Infrastructure has been a popular area to invest in recent years but it is known for its reliable long-term income streams rather than being particularly dynamic or growth focused.

However, two new vehicles could shake up infrastructure’s rather staid reputation assuming they join the market as planned.

First up is Pantheon Infrastructure. People might be familiar with the Pantheon name. Pantheon Ventures is a large private equity firm which already runs the Pantheon International (PIN) trust.

What makes its new infrastructure proposition stand out from the crowd, according to the head of Europe in Pantheon’s global infrastructure and real assets investment team Richard Sem is it is truly diversified across different types of infrastructure asset and is targeting a higher level of return at 8% to 10%.

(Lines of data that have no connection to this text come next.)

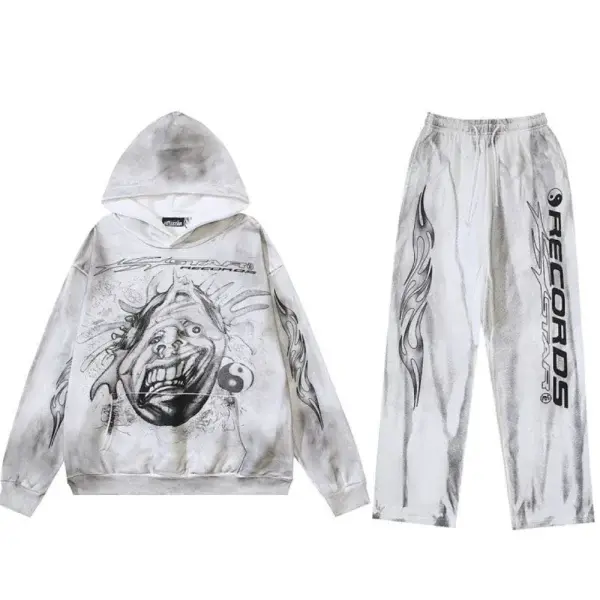Hellstar White Tracksuit
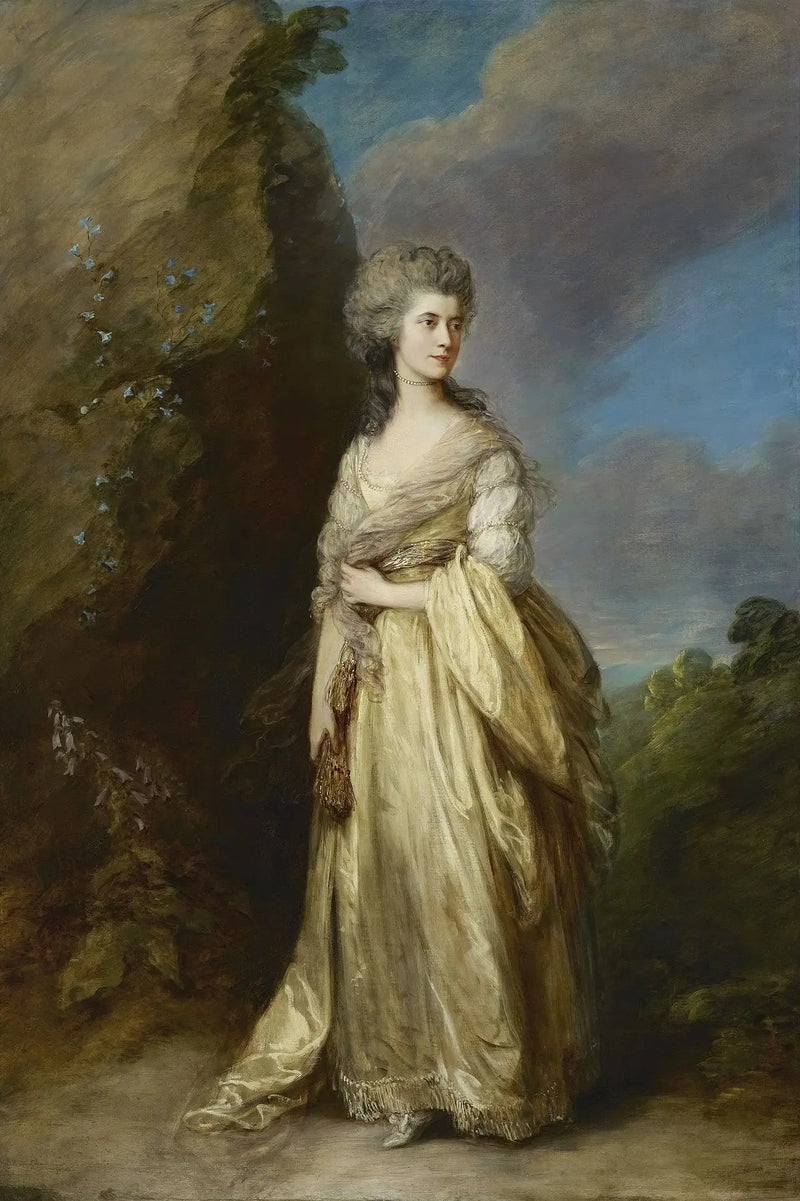 Mme Peter William Baker - Thomas Gainsborough

Source:
Mme Peter William Baker - Thomas Gainsborough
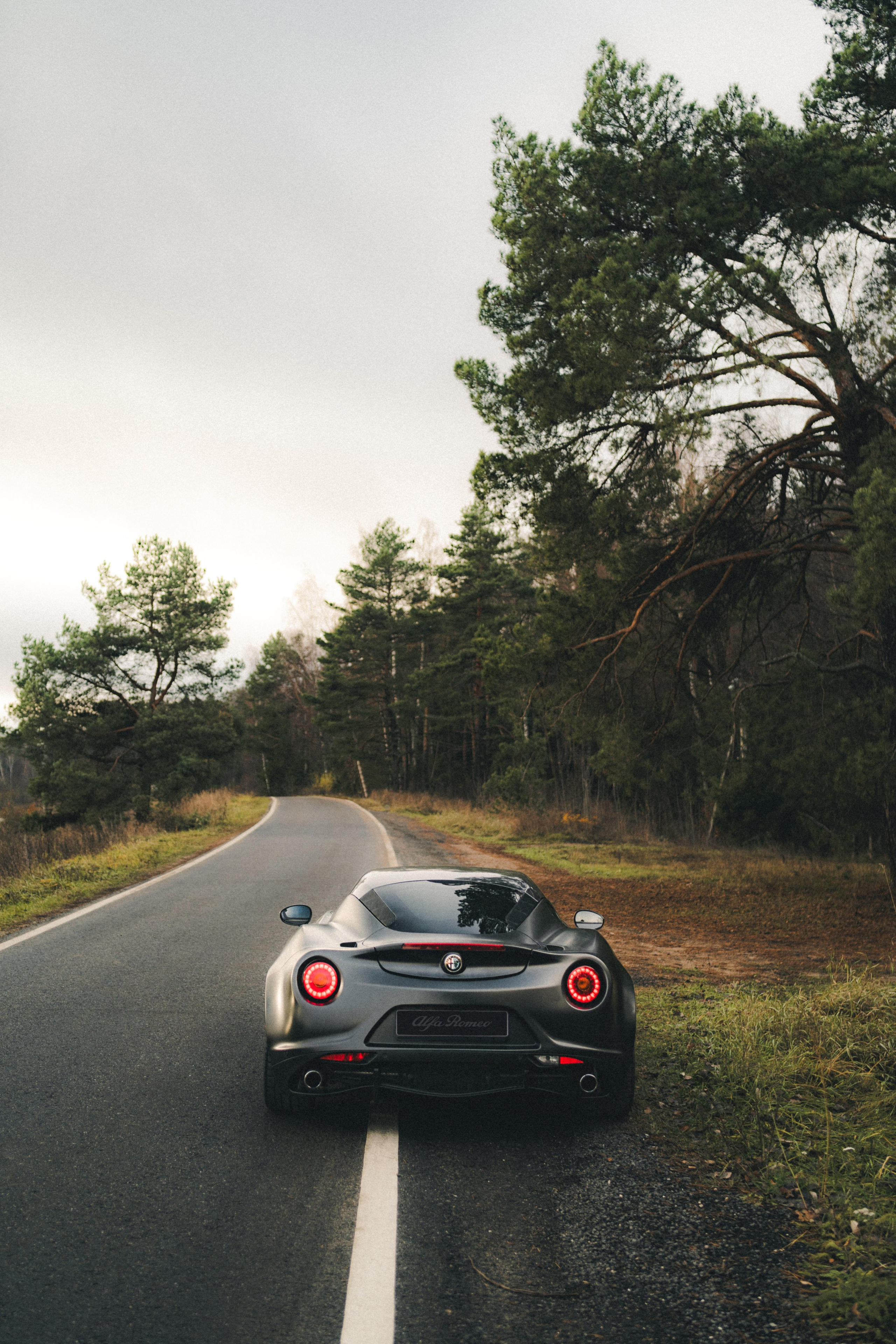 Alfa Romeo 4С. Фотограф Илья К. в Москве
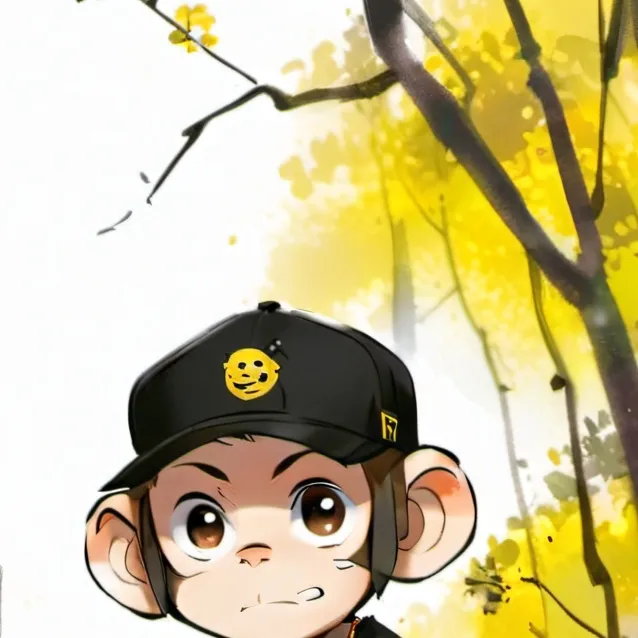 chat with ai character: cute monke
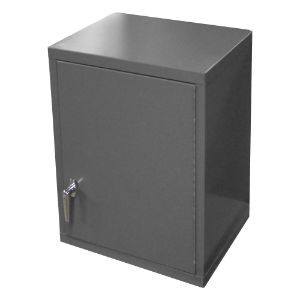 DURHAM MANUFACTURING 070SD-95 Storage Cabinet, Wall Mount, 3 Shelf, Size 18 x 13-11/16 x 27 Inch | CF6JCZ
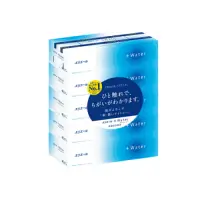 在飛比找Yahoo奇摩購物中心優惠-日本大王 elleair Water水潤柔感抽取面紙 180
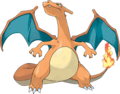 Charizard art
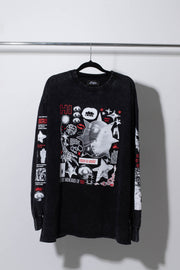 Oldest Memories Of You Longsleeve Top, Black - JPalm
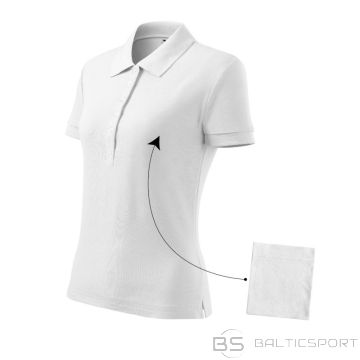 Malfini Cotton polo shirt W MLI-21300 white (M)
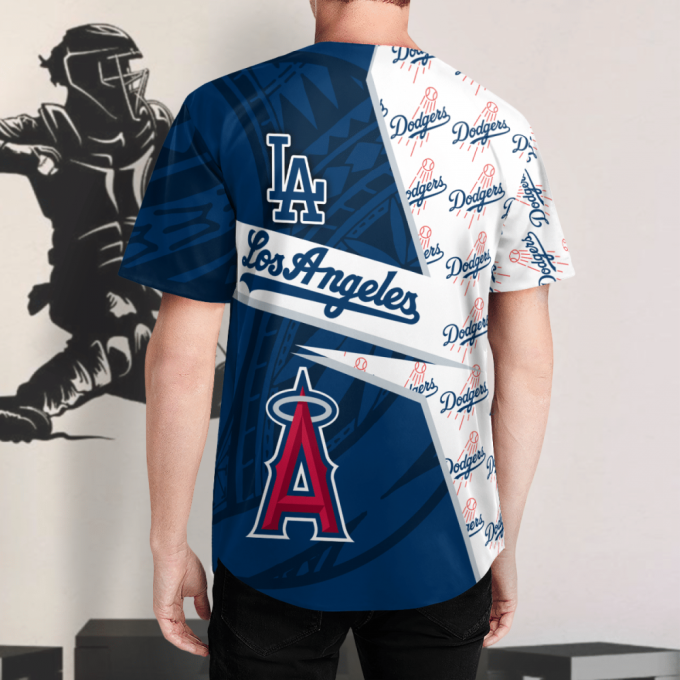 Mlb Los Angeles Dodgers Baseball Jersey 7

Sem observes that most infrastructure trusts listed in London either specialise in areas like renewables or government-backed projects.

Since 2015, the investment manager (Pantheon) has committed $2.7 billion to 34 co-investment transactions, delivering risk-adjusted returns of 16.7%.

The trust will co-invest alongside Pantheon’s unquoted funds and third parties which should help keep costs lower for investors – an immediate £1 billion pipeline is lined up, with hopes to invest in eight to 12 assets within nine to 12 months
of listing.

Sem tells Shares the trust will also have a shorter investment horizon than traditional infrastructure funds of around five to eight years. With a strategy of looking to improve the performance of assets through initiatives such as restructuring debt, achieving savings on operating expenditure and targeted investment and then potentially exiting.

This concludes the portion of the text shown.